Ma la presenza di Giove ha ridotto il numero a tre. La sua presenza avrebbe disturbato le orbite degli altri corpi rocciosi in via di aggregazione, e la prova sarebbe data dall'ampia fascia di asteroidi che si trova oltre Marte: un enorme spazio nel quale miliardi di detriti navigano con traiettorie imprevedibili ma entro un ben delimitato confine nel quale si scontrano, creano altri fratellini, si uniscono. E che in passato hanno contribuito a formare il nostro pianeta e lo stesso Marte, mentre oggi non hanno la possibilità di fondersi del tutto tra loro proprio per la presenza del gigantesco campo gravitazionale di Giove.
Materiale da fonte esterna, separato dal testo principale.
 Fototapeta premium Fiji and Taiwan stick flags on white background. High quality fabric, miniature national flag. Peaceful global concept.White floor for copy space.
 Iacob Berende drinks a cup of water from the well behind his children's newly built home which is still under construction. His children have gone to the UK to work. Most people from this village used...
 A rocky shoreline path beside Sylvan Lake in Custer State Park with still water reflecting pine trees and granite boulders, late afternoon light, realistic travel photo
Così si spiega perché nella fascia abitabile ci sono tre pianeti e non sei come invece è accaduto, per esempio, nel sistema chiamato "Trappist-1", dove addirittura si trovano sette Terre alternative, della sua stessa dimensione e non troppo vicine né troppo distanti dalla loro stella. Posizione che rende ipotizzabile la presenza di acqua allo stato liquido, condizione essenziale perché nasca la vita come noi la intendiamo.
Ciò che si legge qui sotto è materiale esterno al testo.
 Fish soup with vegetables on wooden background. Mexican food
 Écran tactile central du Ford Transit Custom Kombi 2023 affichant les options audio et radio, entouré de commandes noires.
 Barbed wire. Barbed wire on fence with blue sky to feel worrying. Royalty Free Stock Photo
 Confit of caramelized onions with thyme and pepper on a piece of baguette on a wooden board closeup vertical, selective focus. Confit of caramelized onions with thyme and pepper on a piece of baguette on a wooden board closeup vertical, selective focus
Venere e Marte erano seri candidati, vista la loro posizione. Ma l'evoluzione ha deciso diversamente, anche se l'ipotesi prevalente è che il pianeta rosso in un passato abbastanza lontano fosse molto più simile alla Terra anche riguardo le condizioni di abitabilità. Oggi è più freddo, l'atmosfera non è adeguata alla vita umana, non ha un campo magnetico in grado di respingere le radiazioni solari, non ha acqua (comunque ancora non è stata trovata) facilmente reperibile allo stato liquido.
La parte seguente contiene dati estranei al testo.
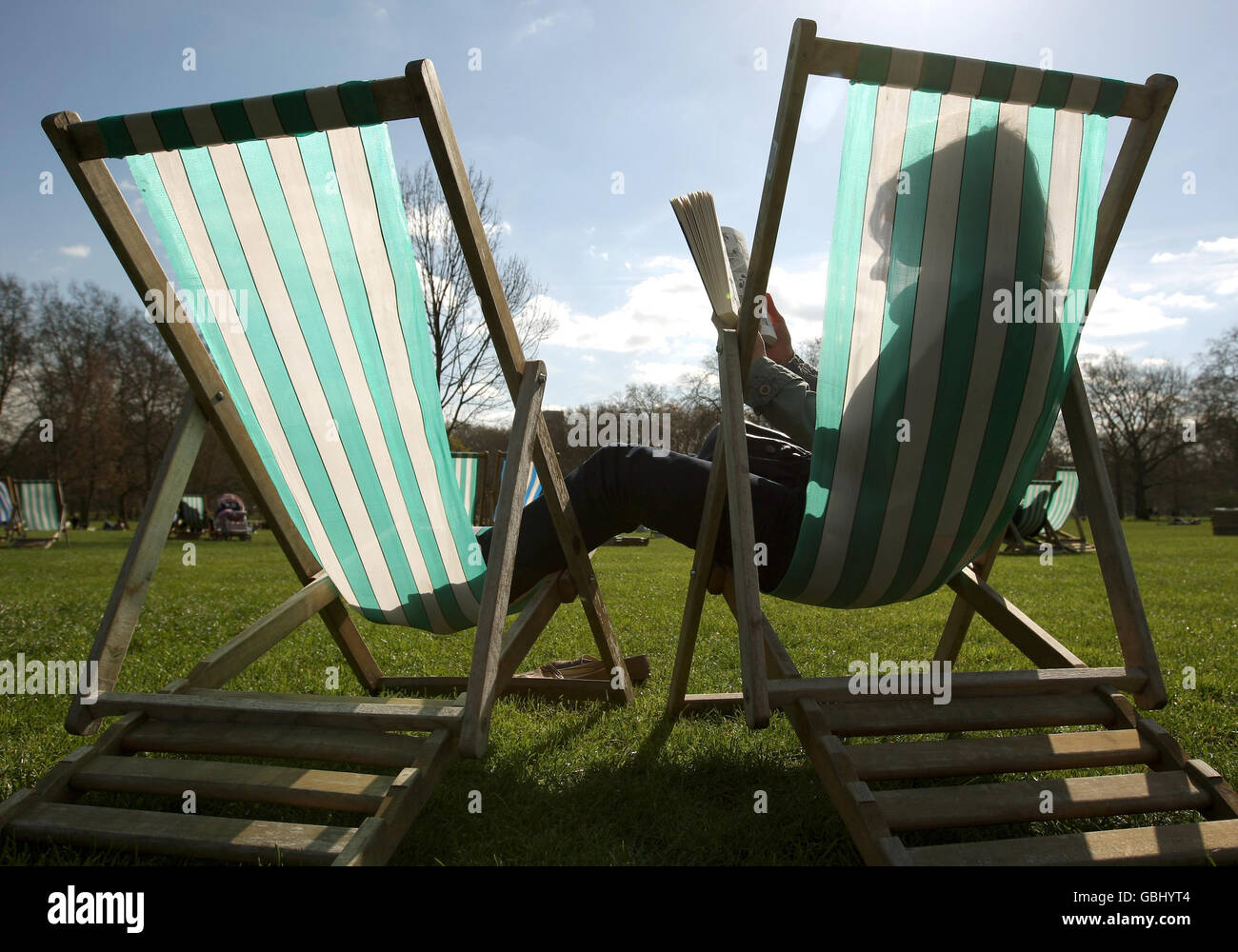 Karin Kolbe reads a book in the sun on deckchairs in Green Park, in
Dunque si torna al problema iniziale: esiste un pianeta B sul quale il genere umano possa sopravvivere quando la sua attuale casa diventerà (sia mai) inospitale? La risposta per le conoscenze e le tecnologie attuali è no. Anche se gli astronomi e gli scienziati hanno scoperto l'esistenza del sistema "Beta Canum Venaticorum" nella costellazione dei Cani da caccia. Non ha giganti gassosi e potrebbe ospitare pianeti simili al nostro con orbite stabili. C'è un piccolo problema: si trova a circa 27 anni luce di distanza. Oggi non è facilmente raggiungibile. E neanche dopodomani.